Comportement des plantes face à des changements d’altitude
La graduation des composantes du climat affecte fortement les plantes et leurs phénotypes. Cependant, cette plasticité phénotypique permettant l’adaptation à des environnements très changeants varie selon les espèces. On peut trouver des espèces avec des capacités d’acclimatation très importantes comme Heliotropium curassivicum, qui change son optimum thermique en fonction de la température du milieu où elle se trouve (de 20 à 40°C), tout en conservant sa capacité d’assimilation de l’eau et des nutriments, et donc sa capacité de croissance (Berry & Bjorkman 1980).
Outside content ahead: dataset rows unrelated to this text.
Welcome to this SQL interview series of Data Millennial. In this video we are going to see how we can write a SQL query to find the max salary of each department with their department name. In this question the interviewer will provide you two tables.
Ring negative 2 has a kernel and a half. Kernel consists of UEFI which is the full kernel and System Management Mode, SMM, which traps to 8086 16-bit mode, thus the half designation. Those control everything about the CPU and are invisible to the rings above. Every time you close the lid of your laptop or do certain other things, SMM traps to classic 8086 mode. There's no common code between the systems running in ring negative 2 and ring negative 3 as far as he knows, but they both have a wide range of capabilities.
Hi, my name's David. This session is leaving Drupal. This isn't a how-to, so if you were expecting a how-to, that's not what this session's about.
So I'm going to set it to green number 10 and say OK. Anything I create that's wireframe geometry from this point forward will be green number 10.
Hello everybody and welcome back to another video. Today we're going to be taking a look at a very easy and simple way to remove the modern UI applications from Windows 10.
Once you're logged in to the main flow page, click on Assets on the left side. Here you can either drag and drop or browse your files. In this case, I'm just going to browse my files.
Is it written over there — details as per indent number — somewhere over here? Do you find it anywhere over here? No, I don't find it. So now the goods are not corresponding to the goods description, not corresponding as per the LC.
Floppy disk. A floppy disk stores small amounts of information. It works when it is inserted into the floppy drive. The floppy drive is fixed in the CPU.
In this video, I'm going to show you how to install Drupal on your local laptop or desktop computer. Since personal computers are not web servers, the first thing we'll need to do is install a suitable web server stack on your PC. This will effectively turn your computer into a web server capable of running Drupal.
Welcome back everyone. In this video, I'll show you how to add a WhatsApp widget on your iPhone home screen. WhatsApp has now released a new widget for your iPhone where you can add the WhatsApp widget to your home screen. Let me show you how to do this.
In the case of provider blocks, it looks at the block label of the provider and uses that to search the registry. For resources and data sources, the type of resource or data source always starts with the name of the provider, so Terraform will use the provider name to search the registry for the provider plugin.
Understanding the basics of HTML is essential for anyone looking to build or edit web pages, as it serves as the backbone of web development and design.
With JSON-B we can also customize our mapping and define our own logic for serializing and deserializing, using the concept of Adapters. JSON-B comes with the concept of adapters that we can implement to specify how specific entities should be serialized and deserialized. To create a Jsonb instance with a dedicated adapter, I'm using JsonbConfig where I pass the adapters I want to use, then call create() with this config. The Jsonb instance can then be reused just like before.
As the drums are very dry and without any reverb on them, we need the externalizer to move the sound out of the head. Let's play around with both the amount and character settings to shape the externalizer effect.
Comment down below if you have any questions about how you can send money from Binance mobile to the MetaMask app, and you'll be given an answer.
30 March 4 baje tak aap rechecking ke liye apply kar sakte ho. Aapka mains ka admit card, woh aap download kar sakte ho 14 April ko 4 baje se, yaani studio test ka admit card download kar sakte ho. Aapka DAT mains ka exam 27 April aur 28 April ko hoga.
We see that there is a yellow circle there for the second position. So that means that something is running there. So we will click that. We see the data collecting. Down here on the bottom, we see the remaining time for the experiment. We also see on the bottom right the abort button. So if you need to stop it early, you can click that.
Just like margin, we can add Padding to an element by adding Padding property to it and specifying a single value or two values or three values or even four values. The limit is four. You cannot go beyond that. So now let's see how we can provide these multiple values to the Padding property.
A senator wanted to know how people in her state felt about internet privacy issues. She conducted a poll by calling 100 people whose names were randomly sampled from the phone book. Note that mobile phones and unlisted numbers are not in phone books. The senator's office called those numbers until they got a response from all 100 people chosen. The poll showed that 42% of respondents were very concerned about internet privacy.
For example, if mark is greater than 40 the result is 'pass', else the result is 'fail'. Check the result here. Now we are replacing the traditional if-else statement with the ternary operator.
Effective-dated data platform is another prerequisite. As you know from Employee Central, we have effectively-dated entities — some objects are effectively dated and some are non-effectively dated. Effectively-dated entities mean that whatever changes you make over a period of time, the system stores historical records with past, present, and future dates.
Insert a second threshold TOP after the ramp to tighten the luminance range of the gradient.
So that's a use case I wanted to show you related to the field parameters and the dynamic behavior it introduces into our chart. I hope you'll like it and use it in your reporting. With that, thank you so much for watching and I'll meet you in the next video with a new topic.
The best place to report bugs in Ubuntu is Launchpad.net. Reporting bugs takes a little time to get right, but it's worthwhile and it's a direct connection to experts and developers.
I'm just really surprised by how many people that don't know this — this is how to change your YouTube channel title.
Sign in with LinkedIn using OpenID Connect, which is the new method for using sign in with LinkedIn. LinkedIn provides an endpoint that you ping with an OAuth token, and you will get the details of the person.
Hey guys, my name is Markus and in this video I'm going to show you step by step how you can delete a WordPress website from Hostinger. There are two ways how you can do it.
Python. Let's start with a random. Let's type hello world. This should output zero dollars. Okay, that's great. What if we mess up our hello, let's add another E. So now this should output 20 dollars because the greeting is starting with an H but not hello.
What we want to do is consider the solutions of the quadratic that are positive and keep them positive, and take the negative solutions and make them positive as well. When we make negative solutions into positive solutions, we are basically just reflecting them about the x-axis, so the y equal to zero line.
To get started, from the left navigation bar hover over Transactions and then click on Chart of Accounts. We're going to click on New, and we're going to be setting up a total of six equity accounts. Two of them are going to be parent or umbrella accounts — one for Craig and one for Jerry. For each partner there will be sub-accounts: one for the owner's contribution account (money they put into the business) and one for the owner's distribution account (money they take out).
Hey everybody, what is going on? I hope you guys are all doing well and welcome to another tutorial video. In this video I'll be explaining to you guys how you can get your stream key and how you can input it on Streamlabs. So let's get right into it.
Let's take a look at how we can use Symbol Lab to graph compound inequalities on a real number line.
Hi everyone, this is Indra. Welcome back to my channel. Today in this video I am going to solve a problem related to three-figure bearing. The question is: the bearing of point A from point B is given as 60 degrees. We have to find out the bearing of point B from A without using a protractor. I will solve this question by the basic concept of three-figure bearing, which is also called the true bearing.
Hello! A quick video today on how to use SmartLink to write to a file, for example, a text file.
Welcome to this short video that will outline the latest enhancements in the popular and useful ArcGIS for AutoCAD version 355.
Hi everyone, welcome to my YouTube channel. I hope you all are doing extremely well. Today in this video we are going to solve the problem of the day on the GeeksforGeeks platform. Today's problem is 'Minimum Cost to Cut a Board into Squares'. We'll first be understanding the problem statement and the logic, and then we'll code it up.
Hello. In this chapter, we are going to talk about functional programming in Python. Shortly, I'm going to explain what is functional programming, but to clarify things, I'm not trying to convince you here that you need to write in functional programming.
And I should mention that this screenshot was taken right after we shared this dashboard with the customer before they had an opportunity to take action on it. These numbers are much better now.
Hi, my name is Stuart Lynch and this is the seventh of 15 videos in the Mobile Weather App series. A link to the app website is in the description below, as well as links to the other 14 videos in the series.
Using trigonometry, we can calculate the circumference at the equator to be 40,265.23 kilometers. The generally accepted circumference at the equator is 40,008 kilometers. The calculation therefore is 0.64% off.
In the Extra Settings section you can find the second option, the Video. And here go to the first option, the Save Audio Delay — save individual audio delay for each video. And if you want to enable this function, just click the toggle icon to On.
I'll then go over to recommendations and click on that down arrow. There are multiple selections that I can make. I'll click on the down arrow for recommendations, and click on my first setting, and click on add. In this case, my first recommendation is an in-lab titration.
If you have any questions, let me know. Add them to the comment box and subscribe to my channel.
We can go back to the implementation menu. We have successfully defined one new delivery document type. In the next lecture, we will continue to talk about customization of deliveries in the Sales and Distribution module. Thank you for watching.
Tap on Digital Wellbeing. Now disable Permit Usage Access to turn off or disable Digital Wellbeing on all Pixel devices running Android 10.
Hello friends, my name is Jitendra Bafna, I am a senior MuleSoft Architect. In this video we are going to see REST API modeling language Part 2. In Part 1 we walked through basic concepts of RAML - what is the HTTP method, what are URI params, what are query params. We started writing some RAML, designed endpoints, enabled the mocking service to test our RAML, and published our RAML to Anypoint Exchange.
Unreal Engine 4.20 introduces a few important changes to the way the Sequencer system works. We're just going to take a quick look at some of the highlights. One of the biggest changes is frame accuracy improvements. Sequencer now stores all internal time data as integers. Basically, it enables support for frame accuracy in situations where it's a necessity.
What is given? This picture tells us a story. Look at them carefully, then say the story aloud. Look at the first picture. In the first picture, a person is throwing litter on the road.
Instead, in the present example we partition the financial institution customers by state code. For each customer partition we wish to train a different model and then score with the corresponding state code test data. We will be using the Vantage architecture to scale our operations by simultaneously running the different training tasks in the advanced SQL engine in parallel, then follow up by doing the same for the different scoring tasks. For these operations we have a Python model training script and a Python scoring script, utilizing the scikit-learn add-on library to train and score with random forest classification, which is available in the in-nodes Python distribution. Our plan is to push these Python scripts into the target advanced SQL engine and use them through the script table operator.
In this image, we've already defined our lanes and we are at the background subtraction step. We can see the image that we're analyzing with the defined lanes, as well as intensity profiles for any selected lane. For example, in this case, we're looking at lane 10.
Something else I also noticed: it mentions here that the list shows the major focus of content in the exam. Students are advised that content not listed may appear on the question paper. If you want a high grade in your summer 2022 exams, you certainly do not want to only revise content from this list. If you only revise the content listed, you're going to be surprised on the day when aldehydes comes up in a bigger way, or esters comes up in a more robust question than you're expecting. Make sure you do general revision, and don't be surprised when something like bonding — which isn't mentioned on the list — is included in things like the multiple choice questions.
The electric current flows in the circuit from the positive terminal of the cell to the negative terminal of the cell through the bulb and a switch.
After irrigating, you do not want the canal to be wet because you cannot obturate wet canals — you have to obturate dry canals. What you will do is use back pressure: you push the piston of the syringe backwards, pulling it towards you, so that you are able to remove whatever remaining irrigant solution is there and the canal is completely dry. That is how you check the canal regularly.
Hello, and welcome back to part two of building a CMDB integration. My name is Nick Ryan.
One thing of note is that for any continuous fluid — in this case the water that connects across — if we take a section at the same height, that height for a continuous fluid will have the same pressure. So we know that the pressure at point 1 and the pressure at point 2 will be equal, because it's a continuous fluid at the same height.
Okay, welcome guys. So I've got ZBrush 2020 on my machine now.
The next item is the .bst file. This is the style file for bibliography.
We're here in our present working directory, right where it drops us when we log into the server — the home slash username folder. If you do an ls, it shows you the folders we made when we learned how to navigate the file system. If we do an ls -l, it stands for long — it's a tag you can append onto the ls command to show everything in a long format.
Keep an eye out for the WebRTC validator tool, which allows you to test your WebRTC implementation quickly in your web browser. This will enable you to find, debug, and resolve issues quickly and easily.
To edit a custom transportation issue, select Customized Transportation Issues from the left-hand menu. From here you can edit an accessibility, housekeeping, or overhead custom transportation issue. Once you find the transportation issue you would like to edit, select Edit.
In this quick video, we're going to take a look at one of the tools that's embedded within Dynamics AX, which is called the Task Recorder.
D’autres espèces possèdent des écotypes ou variétés liés aux différentes conditions climatiques associées à leur répartition géographique. Ainsi, les individus d’une même espèce peuvent montrer des différences morphologiques importantes pour une meilleure réponse aux différentes conditions climatiques. Par exemple, le genre Camelina, montre une variation intra- et inter- spécifique importante de sa cuticule lui conférant une tolérance différenciée à la sècheresse (Tomasi et al. 2017). Une autre étude récente sur différents accessions de la graminée Setaria viridis montre une plasticité physiologique et phénotypique lorsqu’ils sont soumis à des stress hydriques et thermiques permettant de distinguer les accessions tolérantes et sensibles à ces stress (Saha et al. 2016). La graminée Festuca eskia présente une réduction de sa taille et de sa masse, et augmente sa surface foliaire lorsqu’elle est transplantée en altitude (Gonzalo‐Turpin & Hazard 2009). Mais les espèces adaptées à des conditions climatiques extrêmes possèdent une diversité de plasticité limitée. Ainsi Ranunculus glacialis, adaptée au milieu alpin, ne peut survivre en dessous de 2 400 m dans les Alpes (Streb et al. 2003). Ces différents cas ouvrent de nouvelle direction prometteuse en biologie évolutive et en biologie des systèmes grâce à l’étude des variants naturels, jointe à des études moléculaires et climatiques. Les espèces végétales ayant une large répartition géographique sont souvent constituées de populations qui peuvent présenter ces différences phénotypiques dues aux différentes pressions de sélections des divers habitats qu’elles occupent : A. thaliana fait partie de ces espèces possédant une répartition géographique mondiale.